• Exercise objective: Could the listing below be reproduced exactly, minus its pictures?

• The data:
---*---

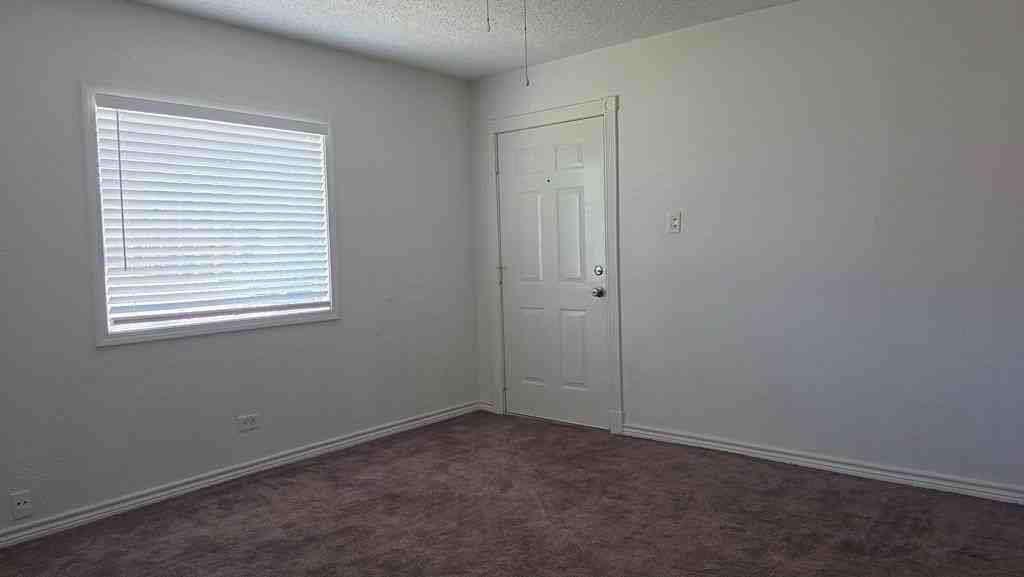 3208 W Kansas Ave - Photo 4 of 12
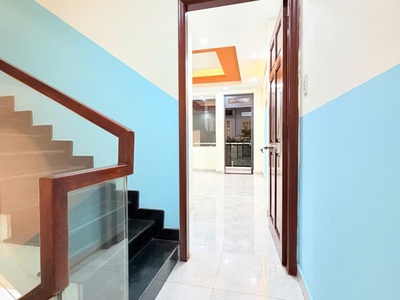 Nhà mới đón tết tktq ngay nhà thờ bình thuận hẻm 5 m thông sát mặt tiền 4 tầng nhỉnh 5 tỷ 2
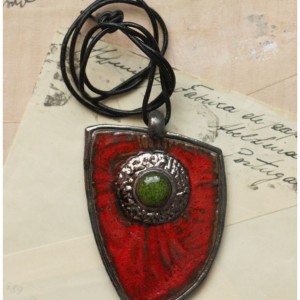 Wisior czerwona tarcza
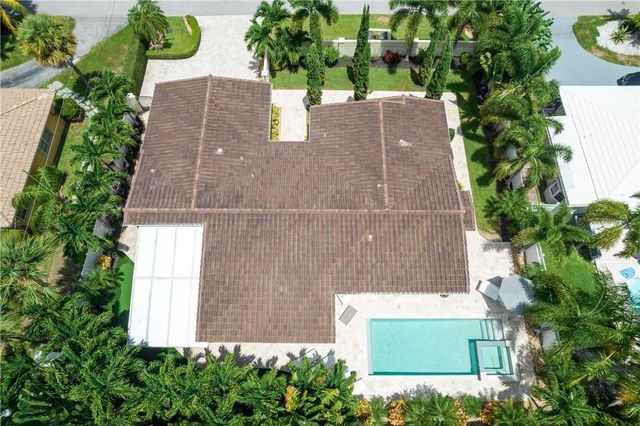 2726 NE 25TH Place, Fort Lauderdale, FL 33305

---*---

• Final answer:
 3208 W Kansas Ave - Photo 4 of 12
 Nhà mới đón tết tktq ngay nhà thờ bình thuận hẻm 5 m thông sát mặt tiền 4 tầng nhỉnh 5 tỷ 2
 Wisior czerwona tarcza
 2726 NE 25TH Place, Fort Lauderdale, FL 33305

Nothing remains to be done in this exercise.